Die Tour kehrt auf die Champs-Élysées zurück, nimmt aber einen umstrittenen Umweg: Die olympiaerprobte Montmartre-Passage sorgt bei den Stars für Kritik. Und könnte für bislang ungekannte Attacken der Favoriten am Schlusstag sorgen.

Einst herrschten die Götter der modernen Kunst am Montmartre. Picasso, Braque oder Modigliani zelebrierten in ihren jungen und teils gleichzeitig letzten Jahren die Bohème in Hinterhöfen und Spelunken hoch über Paris, oft malend, öfter trinkend. Ein Jahrhundert später verrichten im Schatten von Sacré-Coeur die asketischen Meister ihr Werk, Tadej Pogacar, Jonas Vingegaard oder Remco Evenepoel. Der Abschluss der Tour de France führt erstmals ausgiebig über den legendären Künstlerhügel.
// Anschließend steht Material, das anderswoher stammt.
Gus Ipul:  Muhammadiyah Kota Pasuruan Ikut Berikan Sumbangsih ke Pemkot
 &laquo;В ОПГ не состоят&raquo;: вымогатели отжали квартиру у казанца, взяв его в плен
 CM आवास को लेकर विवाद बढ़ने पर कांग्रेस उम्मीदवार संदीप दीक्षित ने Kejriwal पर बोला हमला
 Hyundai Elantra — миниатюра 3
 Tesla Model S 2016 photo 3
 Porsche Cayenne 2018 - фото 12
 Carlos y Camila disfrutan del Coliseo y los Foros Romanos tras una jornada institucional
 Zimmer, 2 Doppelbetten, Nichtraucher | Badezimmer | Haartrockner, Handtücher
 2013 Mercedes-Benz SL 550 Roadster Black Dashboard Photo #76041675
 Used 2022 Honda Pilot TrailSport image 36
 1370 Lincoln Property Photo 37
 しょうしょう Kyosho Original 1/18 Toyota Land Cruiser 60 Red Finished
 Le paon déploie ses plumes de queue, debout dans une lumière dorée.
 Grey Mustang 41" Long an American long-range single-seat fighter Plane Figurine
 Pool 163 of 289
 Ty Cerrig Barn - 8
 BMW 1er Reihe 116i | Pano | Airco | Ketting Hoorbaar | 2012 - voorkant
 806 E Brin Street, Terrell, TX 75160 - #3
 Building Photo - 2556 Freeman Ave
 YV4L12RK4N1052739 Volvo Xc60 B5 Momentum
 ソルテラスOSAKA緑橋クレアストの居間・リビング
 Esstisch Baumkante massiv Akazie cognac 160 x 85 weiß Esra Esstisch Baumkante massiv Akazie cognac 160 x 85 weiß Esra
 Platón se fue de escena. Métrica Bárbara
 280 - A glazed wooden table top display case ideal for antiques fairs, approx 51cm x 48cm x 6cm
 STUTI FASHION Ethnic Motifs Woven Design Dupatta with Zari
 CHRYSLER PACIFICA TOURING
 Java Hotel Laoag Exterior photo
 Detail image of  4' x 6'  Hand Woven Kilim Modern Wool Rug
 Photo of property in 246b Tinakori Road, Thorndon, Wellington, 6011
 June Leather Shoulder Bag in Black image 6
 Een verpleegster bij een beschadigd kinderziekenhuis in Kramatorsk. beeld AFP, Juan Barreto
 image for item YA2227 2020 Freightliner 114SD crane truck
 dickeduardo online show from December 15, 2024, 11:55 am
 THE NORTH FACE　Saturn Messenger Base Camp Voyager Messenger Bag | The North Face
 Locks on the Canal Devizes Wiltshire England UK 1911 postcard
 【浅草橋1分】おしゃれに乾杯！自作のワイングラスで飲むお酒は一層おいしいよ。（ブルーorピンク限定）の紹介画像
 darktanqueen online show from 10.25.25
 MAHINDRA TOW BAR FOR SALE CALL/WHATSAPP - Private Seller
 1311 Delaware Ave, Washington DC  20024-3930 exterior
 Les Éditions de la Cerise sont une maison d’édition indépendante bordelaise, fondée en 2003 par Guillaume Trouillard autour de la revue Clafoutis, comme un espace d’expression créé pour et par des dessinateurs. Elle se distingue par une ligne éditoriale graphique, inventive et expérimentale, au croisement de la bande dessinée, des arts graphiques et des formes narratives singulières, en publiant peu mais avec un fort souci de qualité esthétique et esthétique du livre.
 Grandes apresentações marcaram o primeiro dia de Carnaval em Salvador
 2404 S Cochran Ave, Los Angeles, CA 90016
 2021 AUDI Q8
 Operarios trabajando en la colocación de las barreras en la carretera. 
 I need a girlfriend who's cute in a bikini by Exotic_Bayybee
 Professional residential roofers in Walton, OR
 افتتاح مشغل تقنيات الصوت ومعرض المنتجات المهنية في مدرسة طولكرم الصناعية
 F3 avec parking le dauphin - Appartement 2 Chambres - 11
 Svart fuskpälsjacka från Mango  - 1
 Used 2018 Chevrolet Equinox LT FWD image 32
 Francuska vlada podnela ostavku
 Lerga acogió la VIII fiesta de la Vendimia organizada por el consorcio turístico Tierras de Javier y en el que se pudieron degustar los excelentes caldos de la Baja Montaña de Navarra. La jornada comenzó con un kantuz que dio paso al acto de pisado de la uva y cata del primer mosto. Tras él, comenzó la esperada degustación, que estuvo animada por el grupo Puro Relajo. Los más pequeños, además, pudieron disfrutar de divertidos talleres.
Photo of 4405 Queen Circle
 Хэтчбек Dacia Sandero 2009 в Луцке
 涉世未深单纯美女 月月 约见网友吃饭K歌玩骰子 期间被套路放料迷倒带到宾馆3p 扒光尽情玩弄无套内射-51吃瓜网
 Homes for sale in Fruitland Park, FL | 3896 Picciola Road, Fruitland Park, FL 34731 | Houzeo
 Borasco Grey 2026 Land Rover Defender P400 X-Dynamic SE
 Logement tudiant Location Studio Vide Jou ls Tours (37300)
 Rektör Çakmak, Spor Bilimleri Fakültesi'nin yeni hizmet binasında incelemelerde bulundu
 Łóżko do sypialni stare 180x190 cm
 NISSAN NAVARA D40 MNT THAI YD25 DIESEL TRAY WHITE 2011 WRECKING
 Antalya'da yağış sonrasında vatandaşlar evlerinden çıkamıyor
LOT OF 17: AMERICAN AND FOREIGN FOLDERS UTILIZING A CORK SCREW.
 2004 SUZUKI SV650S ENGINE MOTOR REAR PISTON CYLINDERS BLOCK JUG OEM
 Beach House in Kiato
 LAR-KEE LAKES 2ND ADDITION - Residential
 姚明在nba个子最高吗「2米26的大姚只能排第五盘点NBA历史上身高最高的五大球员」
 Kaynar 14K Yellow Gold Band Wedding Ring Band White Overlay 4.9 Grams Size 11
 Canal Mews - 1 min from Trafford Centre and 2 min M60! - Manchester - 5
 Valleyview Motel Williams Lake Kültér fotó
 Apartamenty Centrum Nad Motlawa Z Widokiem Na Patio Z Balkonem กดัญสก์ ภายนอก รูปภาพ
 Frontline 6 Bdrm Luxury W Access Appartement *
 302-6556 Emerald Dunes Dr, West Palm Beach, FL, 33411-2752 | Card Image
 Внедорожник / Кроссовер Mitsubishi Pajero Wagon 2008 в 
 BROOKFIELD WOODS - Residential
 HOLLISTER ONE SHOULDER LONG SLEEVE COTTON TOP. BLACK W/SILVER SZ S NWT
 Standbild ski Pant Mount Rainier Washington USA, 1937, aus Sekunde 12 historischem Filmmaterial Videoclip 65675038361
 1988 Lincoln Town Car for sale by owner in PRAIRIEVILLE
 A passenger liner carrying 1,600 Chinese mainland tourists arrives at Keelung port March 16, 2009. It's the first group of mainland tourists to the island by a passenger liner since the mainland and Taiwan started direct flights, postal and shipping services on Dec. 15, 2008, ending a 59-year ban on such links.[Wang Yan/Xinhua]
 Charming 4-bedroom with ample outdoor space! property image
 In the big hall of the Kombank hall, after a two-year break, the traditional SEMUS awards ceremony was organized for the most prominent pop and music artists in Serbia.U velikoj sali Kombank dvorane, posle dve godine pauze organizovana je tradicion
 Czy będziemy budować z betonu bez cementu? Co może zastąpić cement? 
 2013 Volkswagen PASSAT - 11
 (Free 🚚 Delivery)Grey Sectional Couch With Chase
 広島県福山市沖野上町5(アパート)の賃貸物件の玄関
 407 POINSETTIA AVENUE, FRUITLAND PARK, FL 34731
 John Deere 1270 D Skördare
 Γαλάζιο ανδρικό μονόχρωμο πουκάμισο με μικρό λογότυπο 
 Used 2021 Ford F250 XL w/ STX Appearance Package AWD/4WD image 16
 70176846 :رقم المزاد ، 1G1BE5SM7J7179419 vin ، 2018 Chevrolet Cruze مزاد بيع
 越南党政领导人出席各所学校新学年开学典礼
Was bei Olympia faszinierte, soll nun der am Samstag beginnenden Frankreich-Rundfahrt finale Finesse verleihen. "Mit der dreimaligen Überquerung der Butte Montmartre, die letzten 6,1 Kilometer vor dem Ziel, könnte das klassische Szenario eines Massensprints auf der schönsten Avenue der Welt auf den Kopf gestellt werden", sagt Streckenchef Thierry Gouvenou.

"Montmartre macht die Tour unnötig kompliziert"

Im Normalfall gehört den Sprintern der Schlussakt auf den Champs-Élysées - im Vorjahr endete die Tour wegen der Pariser Sommerspiele ausnahmsweise in Nizza. Nun kehrt die Grande Boucle zwar wieder auf die Prachtstraße zurück - doch vor dem Sprintfinale geht es dreimal den giftigen Anstieg zum Montmartre (etwa einen Kilometer lang, rund sieben Prozent steil) hinauf. Das sorgt unter den Profis für Verstimmung. Am deutlichsten opponiert derjenige, der dort das größte Rennen seiner Karriere fuhr.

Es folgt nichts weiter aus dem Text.